*** Opening of DATA BLOCK ***
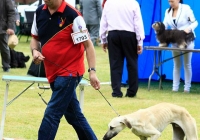 adare_dog_show_2013_60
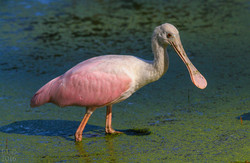 Roseate spoonb...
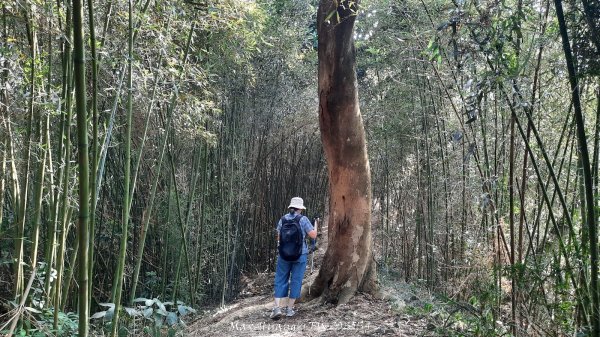 《南投》古道巡禮｜八通關古道社寮線蜈蚣崙段202511152937051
*** Close of DATA BLOCK ***
-- ACTIVITY --
When you retype the listing, keep every line exactly as it is and drop the pictures.

-- EXPECTED ANSWER --
 adare_dog_show_2013_60
 Roseate spoonb...
 《南投》古道巡禮｜八通關古道社寮線蜈蚣崙段202511152937051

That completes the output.